Married student housing was, and probably still is, located at 60 Haven Avenue, a part of Manhattan that is the island at its narrowest, just south of the George Washington Bridge. The building was, and probably still is, far taller than anything else in the Washington Heights neighborhood. My wife and I lived on the 22nd floor with excellent views to the south, east and west. From the living room one could see all the way past the verdant shire of Central Park to the twin towers of the World Trade Center, where I would be working not too long after writing the letter below, the third installment of letters from a string-tie folder of letters labeled "summer of 1988 to the spring of 1990." This letter like the last is addressed to a friend who was living in Madrid teaching English.
During the holidays the medical complex cleared out. My wife, as she always did during Christmas and summer, traveled, while I, as always, stayed home with the cat. Downstairs and up Haven Avenue half a block was an excellent small deli; one could always get a good chicken cutlet sandwich on a hoagie roll as well as quart bottles of Budweiser, Miller, Coors and Colt 45.
Beware. There's plenty of preening below from a schoolboy who is chock full of Bukowski and suffering from cabin fever. I don't think I fully grasped what Sir Gawain and the Green Knight is about on the most basic level and concomitantly what it means to be chivalrous -- be true to your word. My confusion in this regard presaged decades of woe.
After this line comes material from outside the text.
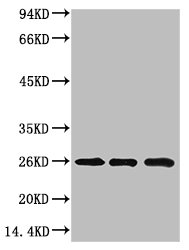 Western blot analysis of 1) Hela Cell Lysate, 2)3T3 Cell Lysate, 3) PC12 Cell Lysate using HP-1γ Mouse mAb diluted at 1:1000.Mouse anti-Human CBX3 Monoclonal Antibody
Green corduroy topcoat -- that's what Gary was wearing when I ran into him on the street of 168th on my up to Broadway and the subway and another workday and another Friday crossed off the calendar. I shivered in my 49ers hat and Harris Tweed and looked on at Gary's quarter-inch-length beard growth and all his high tide and good cheer, he, with just one more exam to go and then off to history-making Berlin for eight days, a solitary life-exuding hipster outfitted in a pretty Arabian cap and handsome green corduroy topcoat (not new cardboard-like corduroy but corduroy that has been sweated on and loved in and cleaned and toiled over and sweated on and loved in and then cleaned again). He looked like Mendoza -- bubbling, effervescent, giddy, boundless Mendoza back from Morocco and Spain and habitats of sand and rail -- but with one exception: he was clean. He was clean, and therefore, not too much real. Where Mendoza was jock itch, hair grease and dirty Levi's, Gary was spotless, colorfully immaculate and snifter scented -- he was the Bloomingdale's, the Macy's version of the world beat globe trottin' get funky middle-twenties young man boho. But that was enough, especially seeing that green corduroy topcoat: it was the nail in the coffin, a symbol for my distraughtness, a searchlight of trust and hope and joyfulness cutting through the fog that was me. Oh my. There I was slinking off to my office job in the below-freezing morning looking like a vampire at daybreak and out of the pale blue I'm intercepted by a happy-as-happy-can-be green corduroy elf. What a slap in the face! What a stake to the heart! All I could do was simper and shuffle my feet and think about the time when I used to be full of life, when I giggled and bubbled with the best of 'em, when happiness and hope were part of my day and distraughtness was beat by two aspirin and a catnap. Finally he left, telling me that he'll be back on the 23rd and that we ought t'get together for Christmas dinner. I say sure, I'll be around. He says we'll have to smoke some weed. I say sure, and tell 'im that I hope he spanks the monkey while I sit grinning in his living room. Then I'm off again, slinking to the subway, worried that I might be ten minutes late for work.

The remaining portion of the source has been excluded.